__Task requirements__: In the entries that follow, find the line containing "Ausklinkmaschine BOSCHERT K90-E200" and the line containing "һ�����12�� AMT�Զ��� 9.4�ײ�դʽ�ػ���ͼƬ", then retype exactly the lines from the first through the second, pictures excluded.

__Records supplied__:
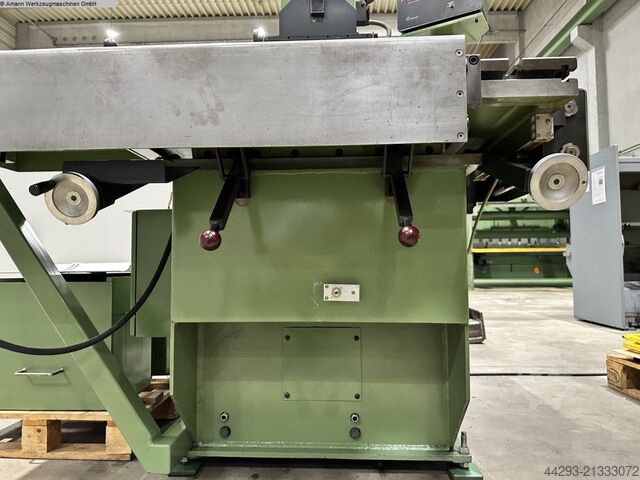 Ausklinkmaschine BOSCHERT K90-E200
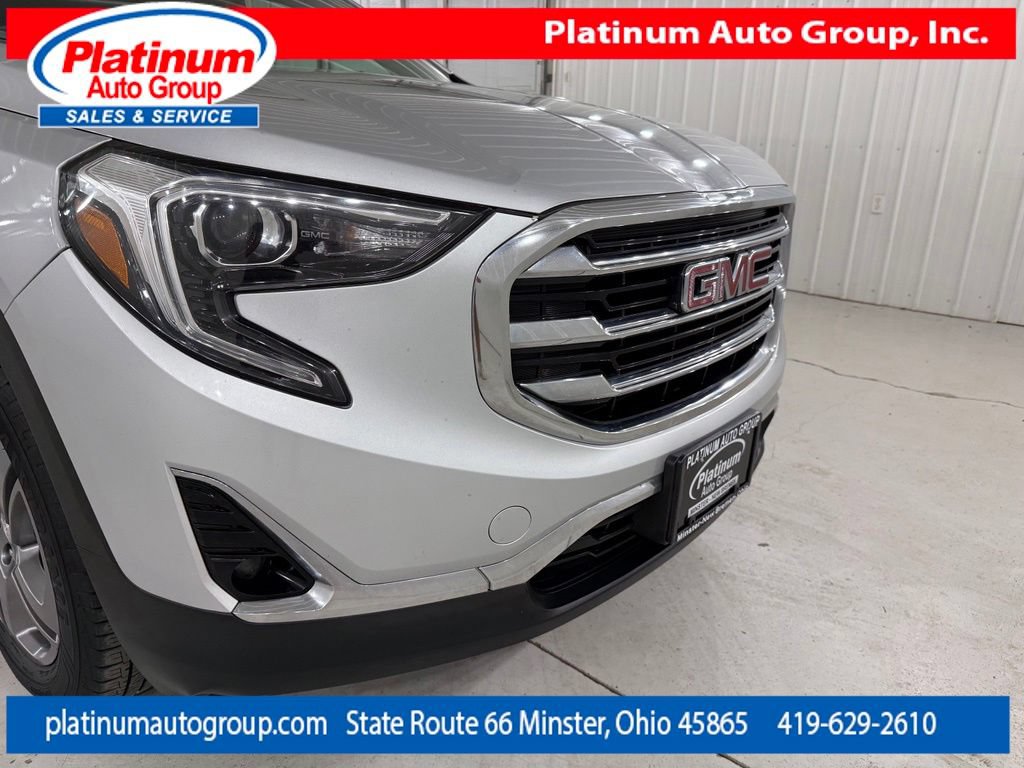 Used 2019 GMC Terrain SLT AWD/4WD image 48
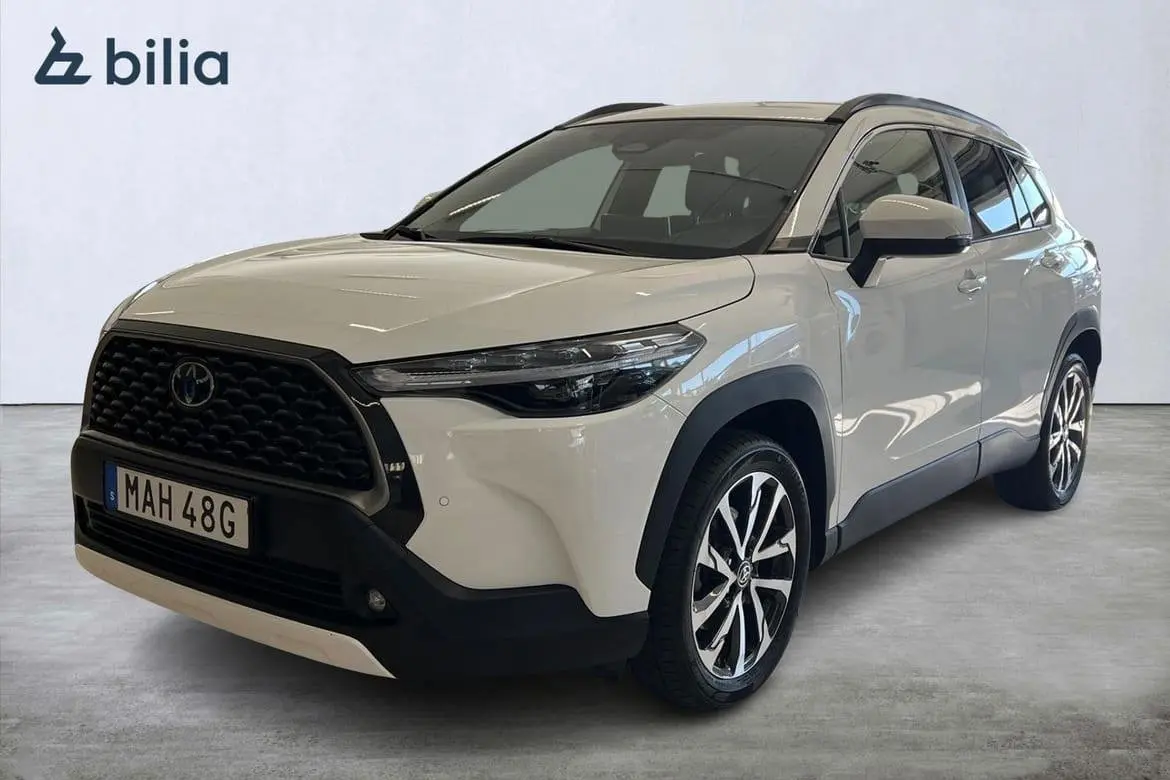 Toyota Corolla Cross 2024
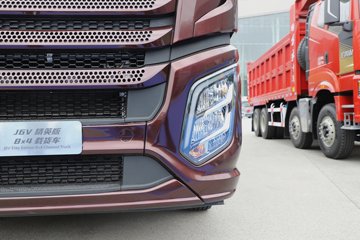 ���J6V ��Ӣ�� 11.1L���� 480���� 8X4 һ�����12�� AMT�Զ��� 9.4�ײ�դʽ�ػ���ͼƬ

---

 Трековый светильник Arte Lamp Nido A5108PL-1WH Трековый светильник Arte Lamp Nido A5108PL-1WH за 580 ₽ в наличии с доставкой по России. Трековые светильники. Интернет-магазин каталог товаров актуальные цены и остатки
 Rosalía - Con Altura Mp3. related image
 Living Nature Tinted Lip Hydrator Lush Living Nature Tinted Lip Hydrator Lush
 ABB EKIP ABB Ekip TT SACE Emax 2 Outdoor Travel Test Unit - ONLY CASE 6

* * *

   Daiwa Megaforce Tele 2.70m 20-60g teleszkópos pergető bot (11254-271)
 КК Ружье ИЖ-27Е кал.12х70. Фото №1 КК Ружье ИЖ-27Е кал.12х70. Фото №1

__Written answer__:
 Ausklinkmaschine BOSCHERT K90-E200
 Used 2019 GMC Terrain SLT AWD/4WD image 48
 Toyota Corolla Cross 2024
 ���J6V ��Ӣ�� 11.1L���� 480���� 8X4 һ�����12�� AMT�Զ��� 9.4�ײ�դʽ�ػ���ͼƬ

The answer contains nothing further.